While pet food merger and acquisition activity has been strong to date in 2020, the pandemic may lead to smaller deals and a focus on profitability.

(Ermolaev Alexander | Shutterstock.com)
(Ermolaev Alexander | Shutterstock.com)

Our annual list of global pet food leaders includes some that grew significantly year-over-year thanks to one or more acquisitions. Given the uncertainty and economic havoc wrought by the COVID-19 pandemic, what’s the outlook for mergers and acquisitions (M&A) in pet food for the near future?

In its spring 2020 report, Cascadia Capital, an investment bank that focuses on the U.S. pet industry, managing director Bryan Jaffe said the current market turbulence won’t stop consolidation but will likely affect the nature and timing of acquisitions.

Pet food M&A alive and well in 2020 to date

So far this year, we’ve seen pet food M&A activity around the world. January and April 2020 were the busiest months, with Empresas Iansa of Chile selling its pet food business to Camil of Brazil, United Petfood of Belgium acquiring Italian private label manufacturer Effefe and Whitebridge Pet Brands buying Cardinal Pet Care (both in the U.S.), all in January 2020.

In April 2020, Nestlé Purina PetCare said it’s buying U.K.-based Lily’s Kitchen, C.J. Foods completed its acquisition of American Nutrition (announced in February) and Aliments Mackenzie acquired Karnivor, both in Canada. That was after Dane Creek Capital Corp. added to its portfolio of raw pet food brands in March by buying Tollden Farms. And, as this issue went to press, United Petfood announced its intent to buy Jonker Petfood of the Netherlands, the 14th deal overall in its growth strategy.

What will be the post-crisis ‘new normal’?

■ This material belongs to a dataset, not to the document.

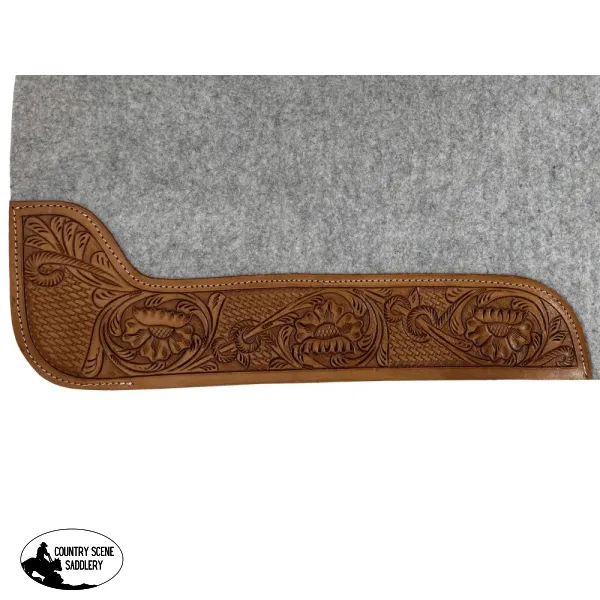 30" x 32" Contoured Felt Saddle Pad with Tooled Top Grain Wear Leathers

No doubt all these acquisitions had been in the works for some time, and the interested parties decided to proceed despite the pandemic’s effects. Activity may not continue at the same level or will be different, Jaffe said, predicting that any deals in the U.S. will focus on profitability and likely involve smaller acquisition targets and valuations, especially by private equity (PE)-backed companies with cash constraints. Large public companies may refrain from deals altogether as volatile equity prices lead company leaders to focus on conserving capital.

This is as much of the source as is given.